» **YOUR GOAL**:
What the task requires is an exact printout of the listing below, pictures excluded.

(DATASET EXTRACT)

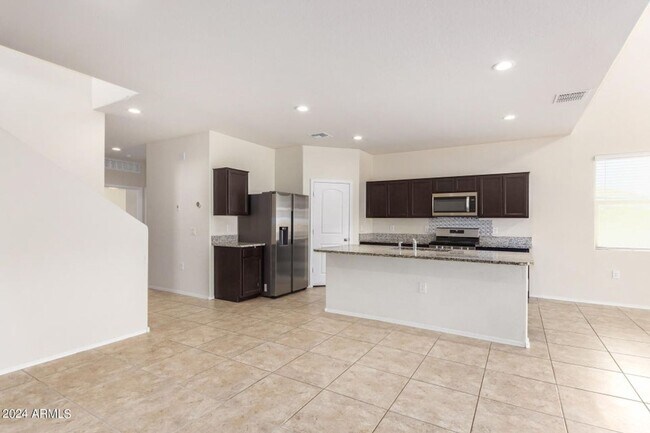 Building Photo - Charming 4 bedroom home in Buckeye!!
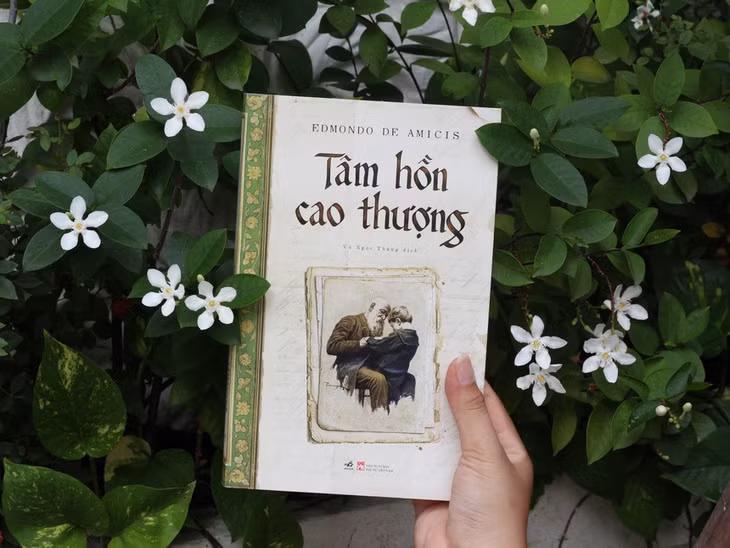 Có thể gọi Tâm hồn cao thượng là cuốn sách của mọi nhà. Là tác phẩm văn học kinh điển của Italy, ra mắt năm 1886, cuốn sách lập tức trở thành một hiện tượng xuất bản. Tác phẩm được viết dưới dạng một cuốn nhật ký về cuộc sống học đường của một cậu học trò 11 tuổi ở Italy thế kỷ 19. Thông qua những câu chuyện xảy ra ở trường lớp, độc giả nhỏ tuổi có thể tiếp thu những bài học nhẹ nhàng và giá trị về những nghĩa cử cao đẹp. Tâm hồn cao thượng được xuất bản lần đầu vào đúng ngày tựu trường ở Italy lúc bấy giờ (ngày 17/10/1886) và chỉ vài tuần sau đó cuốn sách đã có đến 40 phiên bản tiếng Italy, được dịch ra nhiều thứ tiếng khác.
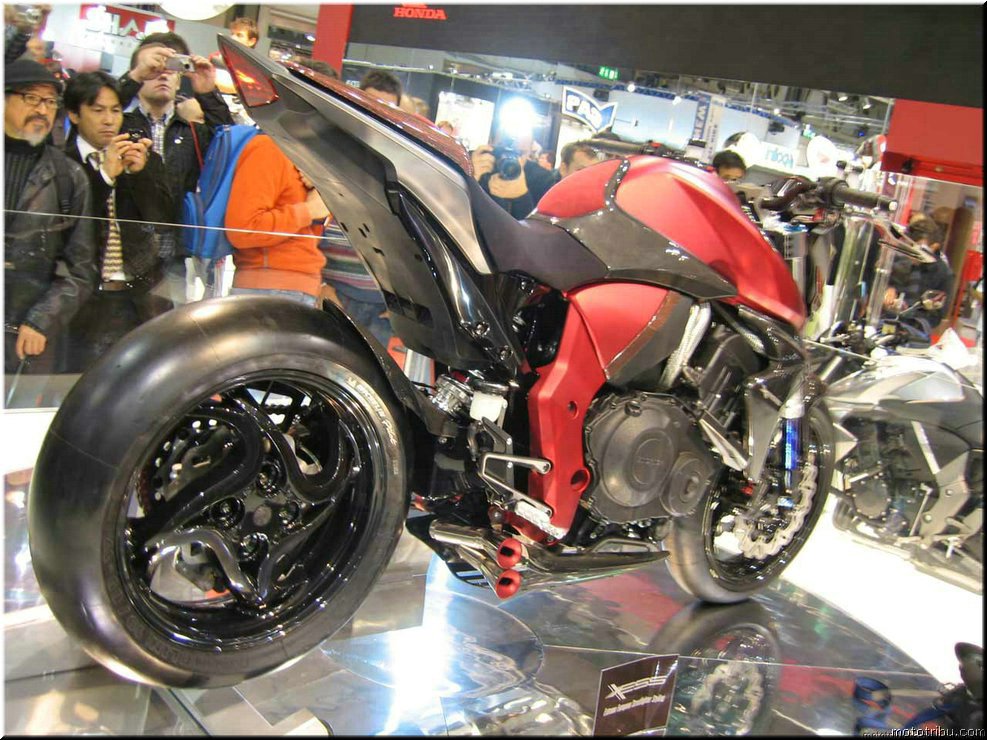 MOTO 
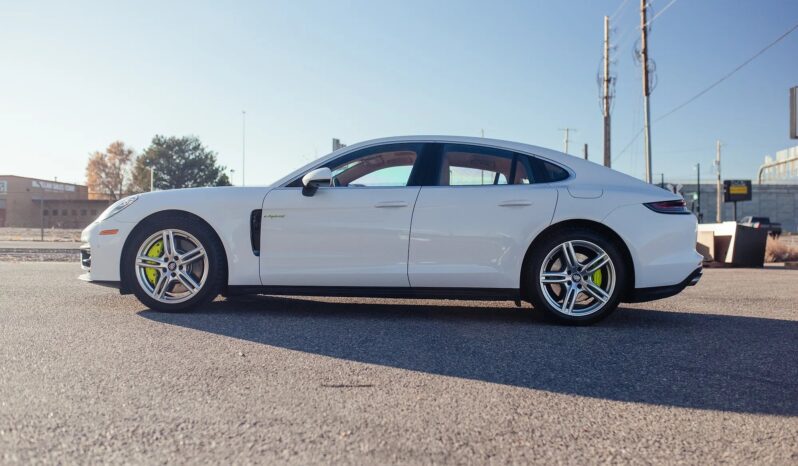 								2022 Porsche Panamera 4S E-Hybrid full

(End DATASET EXTRACT)

» **SOLUTION FOR THIS EXERCISE**:
 Building Photo - Charming 4 bedroom home in Buckeye!!
 Có thể gọi Tâm hồn cao thượng là cuốn sách của mọi nhà. Là tác phẩm văn học kinh điển của Italy, ra mắt năm 1886, cuốn sách lập tức trở thành một hiện tượng xuất bản. Tác phẩm được viết dưới dạng một cuốn nhật ký về cuộc sống học đường của một cậu học trò 11 tuổi ở Italy thế kỷ 19. Thông qua những câu chuyện xảy ra ở trường lớp, độc giả nhỏ tuổi có thể tiếp thu những bài học nhẹ nhàng và giá trị về những nghĩa cử cao đẹp. Tâm hồn cao thượng được xuất bản lần đầu vào đúng ngày tựu trường ở Italy lúc bấy giờ (ngày 17/10/1886) và chỉ vài tuần sau đó cuốn sách đã có đến 40 phiên bản tiếng Italy, được dịch ra nhiều thứ tiếng khác.
 MOTO 
 								2022 Porsche Panamera 4S E-Hybrid full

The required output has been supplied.